ここ数試合では後半にギアを上げるためにベンチスタートすることが多かったメンバーを先発に並べた“パワー系”な布陣に期待を寄せる中で、試合はスタートした。
試合の入りの失敗が相手の勢いを引き出したか
だが、実際のピッチではなかなか計算どおりには運ばないものだ。ひさしぶりにピッチに帰ってきたメンバーの試合勘なのかどうなのか、立ち上がりからミスを散発。激しくプレッシングする金沢を余計に勢いづかせることになり、雰囲気でも立ち位置でも後手に回った。
5分には早々に失点。インターセプトされたボールを林誠道に収められ、それを受けた杉浦恭平が持ち込んで最後は松本大弥がターンして左足シュート。こちらも帰陣はして人数も揃っていたのだが、迷いなくカウンターを繰り出す金沢に対して後追いになり、最後のところで体を張れなかった。

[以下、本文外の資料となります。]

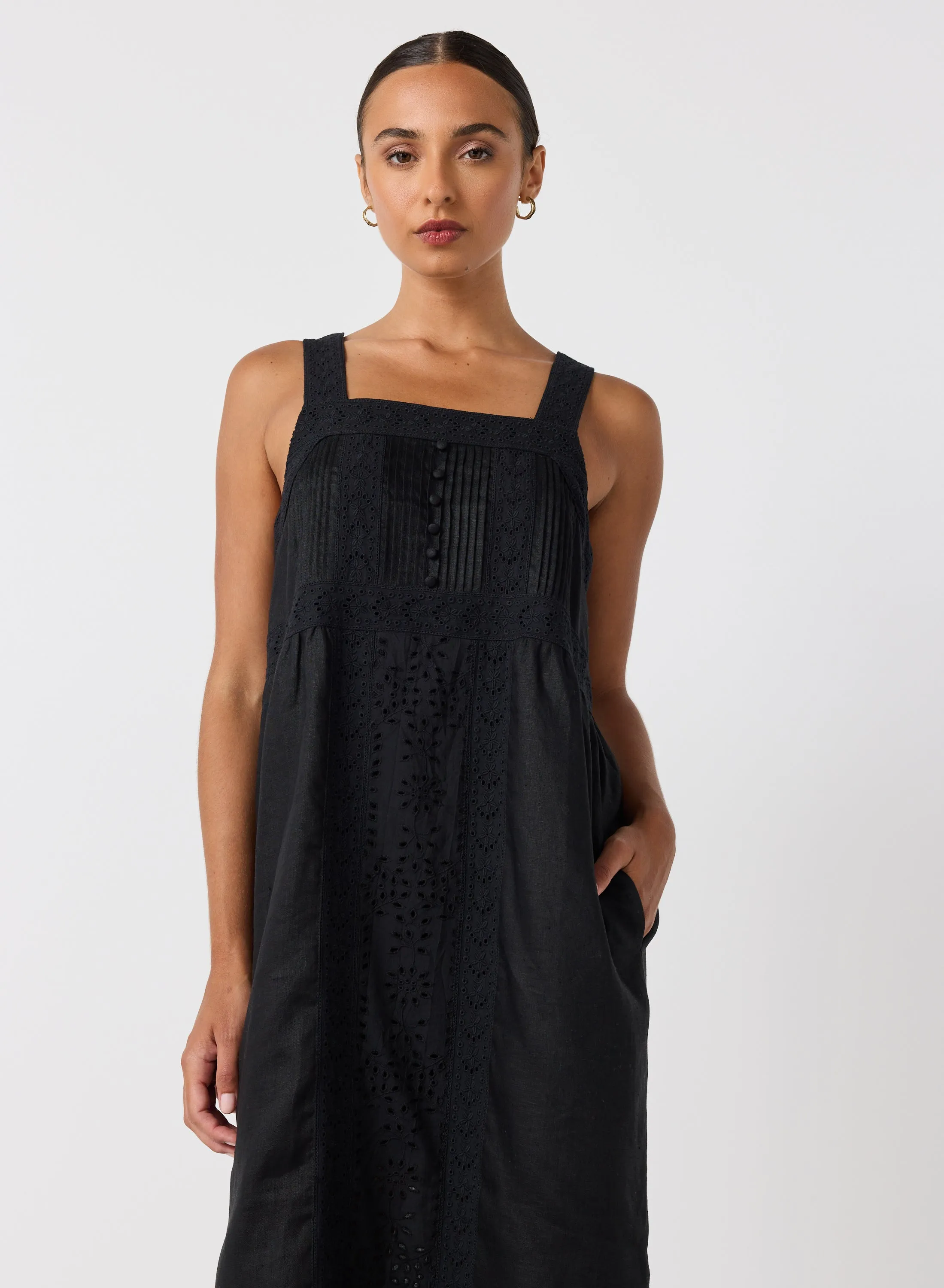 Gretal Linen Ramie Midi Dress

10分にもパスを引っ掛けられてカウンターを受ける。藤村慶太に寄せたペレイラがかわされて大石竜平にスルーパスを通され、吉田舜と1対1の状況でシュートされたが、吉田が足を出してディフレクションした弾道はポスト。増山が掻き出して命拾いした。16分にはスペースでボールを受けた杉浦恭平のパスを伊東がクリアしたが、そのセカンドボールに大分守備陣は誰も詰めず、再び杉浦に拾われてシュートを許す。これも吉田が体を投げ出して阻んだ。

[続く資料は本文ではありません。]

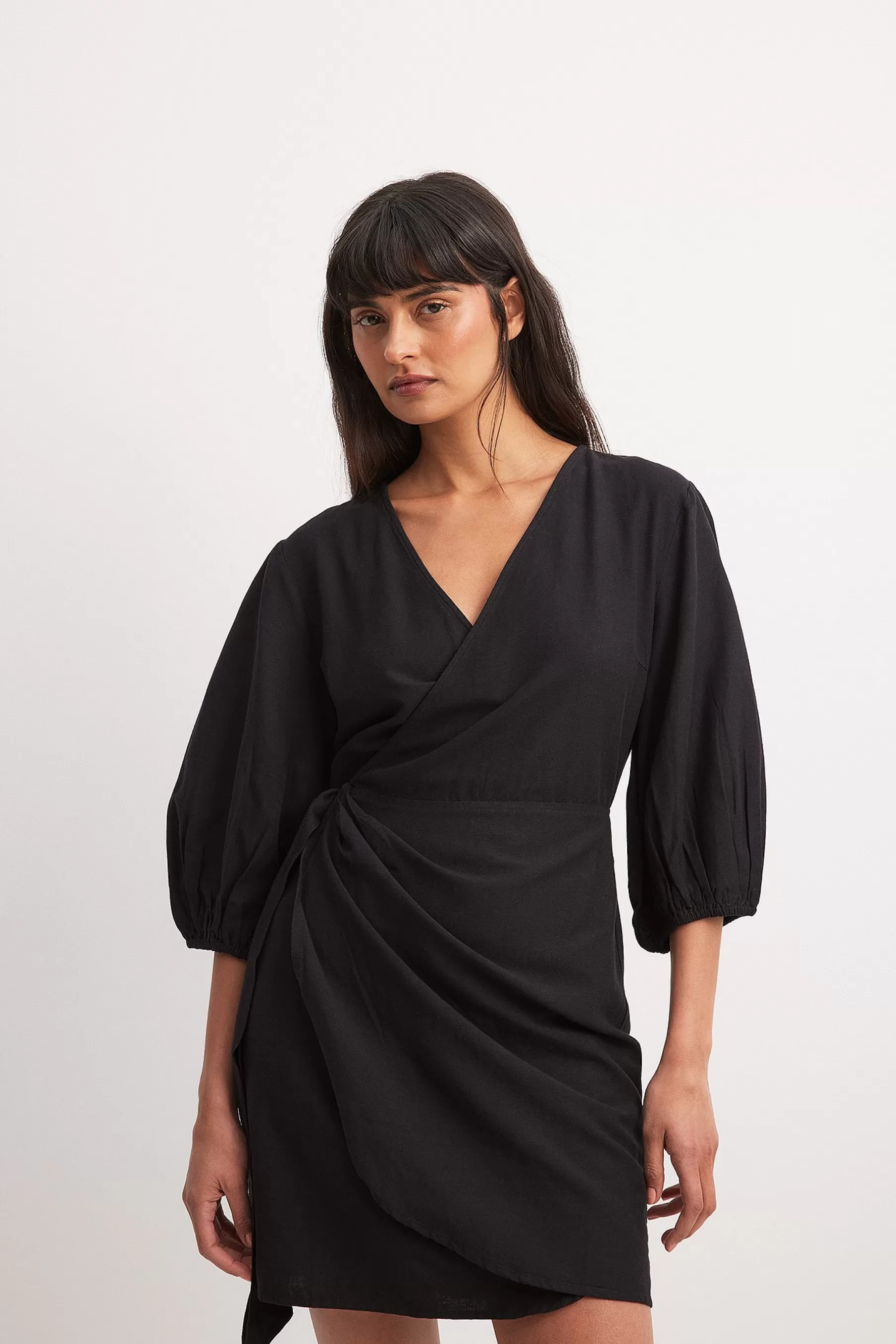 NA-KD Wrapped Linen Mix Mini Dress Black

大石に増山の背後を何度も取られ、そこでも上回られることになった。決して増山だけが不調だったわけではなく、布陣全体が噛み合っていなかった。ネットの攻撃強度は魅力的だが、自由に動くぶんバランスが崩れる一因にもなる。ネットからはじまる攻撃をフィニッシュに持ち込む前にカットされ、逆にスペースを使われて相手の得意な展開に持ち込まれた。
夢生の移籍後初ゴールで一度は同点としたが
それでも26分には、そのネットのクサビから同点に追いつく。サムエルに当てて再びネットがボールを託したのは、その隙にするするとゴール前に上がっていた三竿雄斗。寄せてくる相手の隙間を通した三竿のクロスを最後に金崎が流し込んで、金崎の移籍後初ゴールが生まれた。
だが、狙いの形の結実にも雰囲気は変わらず、金沢の優勢が続く。38分には杉浦のクロスを林が頭で逸らし、それを収めた大石の右足シュートで2失点目を喫した。大石の前には人数が揃っていたにもかかわらず誰も寄せきれず、おそらく吉田もブラインドになっていたのだろう。あまりにあっさりとした失点だった。

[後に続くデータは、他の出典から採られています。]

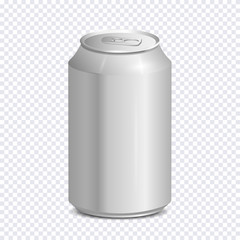 Blank aluminum soda can on transparent background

前半アディショナルタイムにはネットのクサビを野村がフリックし、サムエルが収めて出したボールは相手にクリアされたが、それを奪った金崎がすかさずシュート。だが、三浦基瑛のセーブに阻まれる。前半の大分のシュートは3本のみで、不甲斐ない内容の修正が急務だった。
下平監督は増山を高畑奎汰に代えて後半をスタート。仕切り直したかったところだが、49分に藤村のクロスに頭で合わせた杉浦のボールがペレイラの手に当たりPK献上と、今節は運さえも悪い。杉浦のPKによりスコアは3-1となった。
一気に流れを変えた選手交代とシステム変更
ネットからサムエルのクサビを起点にしたり金崎が前線でボールを収めたりして大分も好機は築くのだが、どうにも得点の匂いがしない。下平監督は57分、ネットと野村を弓場将輝と梅崎司に代え、羽田をアンカーに、その前に弓場と梅崎を並べた3-5-2へと変更した。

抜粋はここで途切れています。